Territory of New Mexico v. Graves

17 N.M. 241 | N.M. | 1912

OPINION OP THE COURT.

HANNA, J.

In the presentation of this case a number of errors are assigned with respect to giving and refusing instructions, and admission of testimony, but as-we have concluded to base our opinion upon the merits of the case it will not be necessary to pass upon these assignments of error.

The question of larceny having been eliminated from the case by the verdict of the jury, we will turn our attention to the second count of the indictment upon which the verdict of the jury in this case rests. This -count is based upon sec. 1117 of the Compiled Laws of 1897, which is as follows:

“Every person who shall buy, receive or aid in the concealment of stolen money, goods or property, knowing the-same to have been stolen, shall be punished by imprisonment in the Territorial prison or county jail not more than four years nor less than three months, or by fine not exceeding five hundred dollars.”

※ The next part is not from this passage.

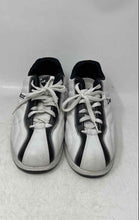 Load image into Gallery viewer, Dexter Womens Groove B4034-1 White Black Leather Lace-Up Sneaker Shoes Size 8.5M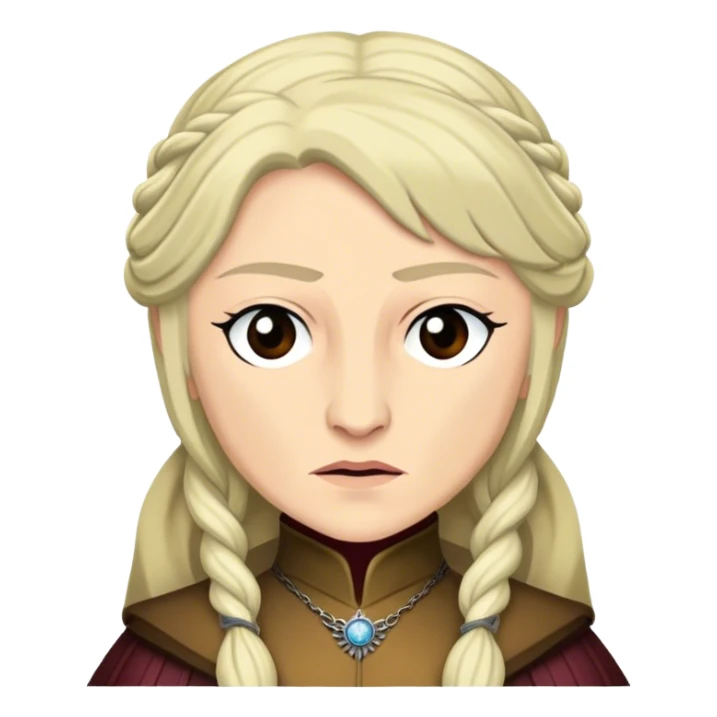 roslin frey from game of thrones sticker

Our attention has been called to similarity of this statute and the Virginia statute, and the further fact that the Supreme Court of Appeals of Virginia, in the case of Hey v. The Commonwealth, 32 Gratt (Va.) 946-951, held that to convict an offender against this statute four things must be proved, viz:

“1. That the goods or other things previously stolen-by some other person;
2. That the accused bought or received them -from another person, or aided in the concealing of them;
3. That, at the time he so bought or received them, or aided in concealing them, he knew they had been stolen;
4. That he so bought or received them or aided in concealing them, malo animo, or with a dishonest intent.”

1 It has been said that the general rule, subject to a few exceptions, is that to sustain a conviction on this charge, the burden rests upon the prosecution to prove-the four distinct elements enumerated above. 10 Encl. of Evd. 665.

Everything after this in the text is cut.